→ **Raw data**

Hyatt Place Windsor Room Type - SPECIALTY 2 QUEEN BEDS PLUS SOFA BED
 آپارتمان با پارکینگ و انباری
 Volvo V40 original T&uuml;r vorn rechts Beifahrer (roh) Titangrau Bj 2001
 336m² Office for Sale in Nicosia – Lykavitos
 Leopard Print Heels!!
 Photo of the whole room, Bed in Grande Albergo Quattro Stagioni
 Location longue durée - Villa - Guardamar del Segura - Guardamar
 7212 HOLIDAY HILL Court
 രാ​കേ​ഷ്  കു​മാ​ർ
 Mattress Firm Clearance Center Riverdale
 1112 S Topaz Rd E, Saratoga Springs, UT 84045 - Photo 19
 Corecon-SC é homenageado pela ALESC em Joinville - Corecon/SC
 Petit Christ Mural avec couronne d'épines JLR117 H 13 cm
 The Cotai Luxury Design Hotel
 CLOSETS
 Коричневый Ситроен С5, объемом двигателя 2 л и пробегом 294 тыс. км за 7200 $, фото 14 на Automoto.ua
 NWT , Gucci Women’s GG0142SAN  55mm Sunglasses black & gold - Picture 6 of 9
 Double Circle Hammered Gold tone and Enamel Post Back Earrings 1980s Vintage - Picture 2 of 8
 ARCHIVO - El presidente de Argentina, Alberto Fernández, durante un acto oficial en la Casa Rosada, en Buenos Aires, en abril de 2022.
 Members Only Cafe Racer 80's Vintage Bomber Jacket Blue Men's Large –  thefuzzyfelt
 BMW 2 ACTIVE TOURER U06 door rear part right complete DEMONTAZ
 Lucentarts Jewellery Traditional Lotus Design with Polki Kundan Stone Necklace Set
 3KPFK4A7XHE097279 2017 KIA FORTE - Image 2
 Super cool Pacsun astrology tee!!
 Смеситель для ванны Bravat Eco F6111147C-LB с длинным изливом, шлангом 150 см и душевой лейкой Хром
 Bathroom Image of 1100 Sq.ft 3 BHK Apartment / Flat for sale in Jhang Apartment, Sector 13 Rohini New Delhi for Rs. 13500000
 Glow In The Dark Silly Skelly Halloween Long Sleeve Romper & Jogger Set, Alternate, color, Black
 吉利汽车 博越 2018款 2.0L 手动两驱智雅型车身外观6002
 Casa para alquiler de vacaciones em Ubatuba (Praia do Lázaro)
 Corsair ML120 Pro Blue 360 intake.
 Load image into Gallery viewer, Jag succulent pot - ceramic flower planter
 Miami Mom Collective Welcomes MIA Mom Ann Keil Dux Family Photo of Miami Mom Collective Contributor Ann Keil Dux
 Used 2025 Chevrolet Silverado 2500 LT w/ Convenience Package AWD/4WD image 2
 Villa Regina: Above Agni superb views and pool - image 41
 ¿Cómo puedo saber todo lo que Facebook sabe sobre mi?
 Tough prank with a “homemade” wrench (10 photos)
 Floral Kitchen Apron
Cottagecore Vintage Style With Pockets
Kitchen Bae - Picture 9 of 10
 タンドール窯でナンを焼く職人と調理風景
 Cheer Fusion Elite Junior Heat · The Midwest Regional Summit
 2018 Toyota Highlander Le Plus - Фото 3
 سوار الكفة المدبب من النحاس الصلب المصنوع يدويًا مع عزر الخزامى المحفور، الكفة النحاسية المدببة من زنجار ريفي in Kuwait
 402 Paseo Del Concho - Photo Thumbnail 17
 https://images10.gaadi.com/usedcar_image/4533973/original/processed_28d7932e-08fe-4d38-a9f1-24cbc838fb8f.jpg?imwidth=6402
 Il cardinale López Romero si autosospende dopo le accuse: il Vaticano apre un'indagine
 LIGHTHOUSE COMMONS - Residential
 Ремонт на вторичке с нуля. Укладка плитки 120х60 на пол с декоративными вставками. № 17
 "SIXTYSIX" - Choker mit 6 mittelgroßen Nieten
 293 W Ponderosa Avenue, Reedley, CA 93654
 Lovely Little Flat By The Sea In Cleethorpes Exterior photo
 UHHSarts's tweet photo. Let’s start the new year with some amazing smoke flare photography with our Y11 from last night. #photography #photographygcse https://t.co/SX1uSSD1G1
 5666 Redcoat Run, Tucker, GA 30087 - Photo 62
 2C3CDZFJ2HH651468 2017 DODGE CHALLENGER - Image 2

→ **Task to complete**
Using the entries above, return exactly the lines from the line with "3KPFK4A7XHE097279 2017 KIA FORTE - Image 2" to the line with "Cheer Fusion Elite", counting both of those lines.

→ **Exercise answer**
 3KPFK4A7XHE097279 2017 KIA FORTE - Image 2
 Super cool Pacsun astrology tee!!
 Смеситель для ванны Bravat Eco F6111147C-LB с длинным изливом, шлангом 150 см и душевой лейкой Хром
 Bathroom Image of 1100 Sq.ft 3 BHK Apartment / Flat for sale in Jhang Apartment, Sector 13 Rohini New Delhi for Rs. 13500000
 Glow In The Dark Silly Skelly Halloween Long Sleeve Romper & Jogger Set, Alternate, color, Black
 吉利汽车 博越 2018款 2.0L 手动两驱智雅型车身外观6002
 Casa para alquiler de vacaciones em Ubatuba (Praia do Lázaro)
 Corsair ML120 Pro Blue 360 intake.
 Load image into Gallery viewer, Jag succulent pot - ceramic flower planter
 Miami Mom Collective Welcomes MIA Mom Ann Keil Dux Family Photo of Miami Mom Collective Contributor Ann Keil Dux
 Used 2025 Chevrolet Silverado 2500 LT w/ Convenience Package AWD/4WD image 2
 Villa Regina: Above Agni superb views and pool - image 41
 ¿Cómo puedo saber todo lo que Facebook sabe sobre mi?
 Tough prank with a “homemade” wrench (10 photos)
 Floral Kitchen Apron
Cottagecore Vintage Style With Pockets
Kitchen Bae - Picture 9 of 10
 タンドール窯でナンを焼く職人と調理風景
 Cheer Fusion Elite Junior Heat · The Midwest Regional Summit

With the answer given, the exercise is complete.